■ Problem ■
Print the listing exactly as it stands, and skip any pictures in it.

■ Given entries ■
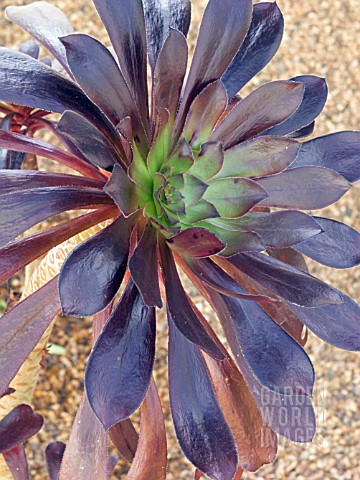 AEONIUM_ZWARTKOP__TENDER_SUCCULENT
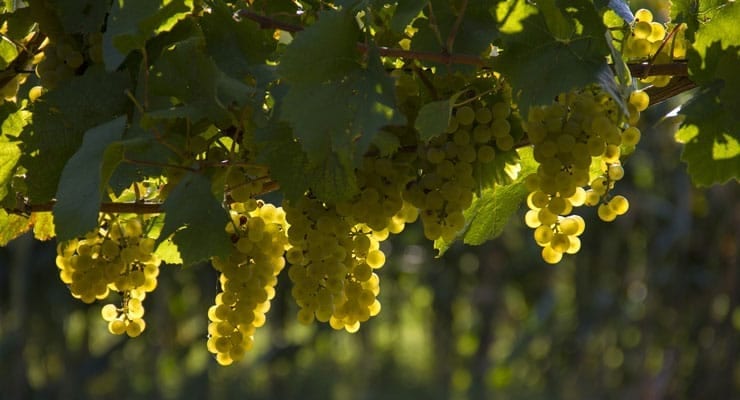 prosecco-grape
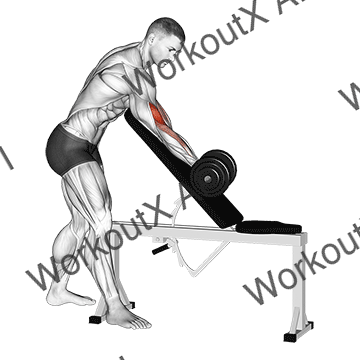 Dumbbell Standing One Arm Curl Over Incline Bench animated GIF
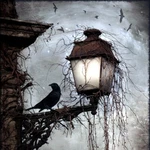 12 X Bird On Lantern By Arthur Rackham Backsplash Ceramic Tile #2476 New. Price: $51.00.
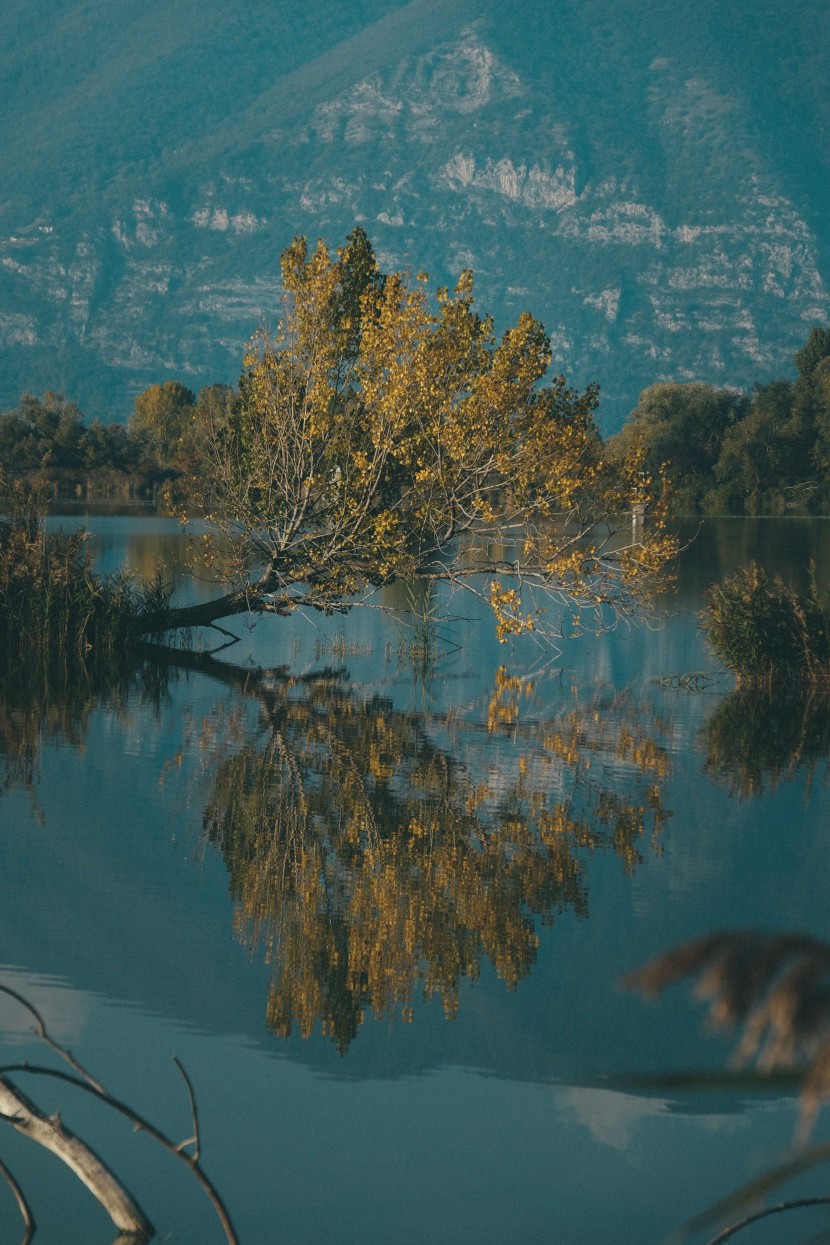 平靜的湖水圖片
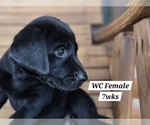 Small Photo #70 Labrador Retriever Puppy For Sale in EDGEWOOD, TX, USA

■ Answer for the task ■
 AEONIUM_ZWARTKOP__TENDER_SUCCULENT
 prosecco-grape
 Dumbbell Standing One Arm Curl Over Incline Bench animated GIF
 12 X Bird On Lantern By Arthur Rackham Backsplash Ceramic Tile #2476 New. Price: $51.00.
 平靜的湖水圖片
 Small Photo #70 Labrador Retriever Puppy For Sale in EDGEWOOD, TX, USA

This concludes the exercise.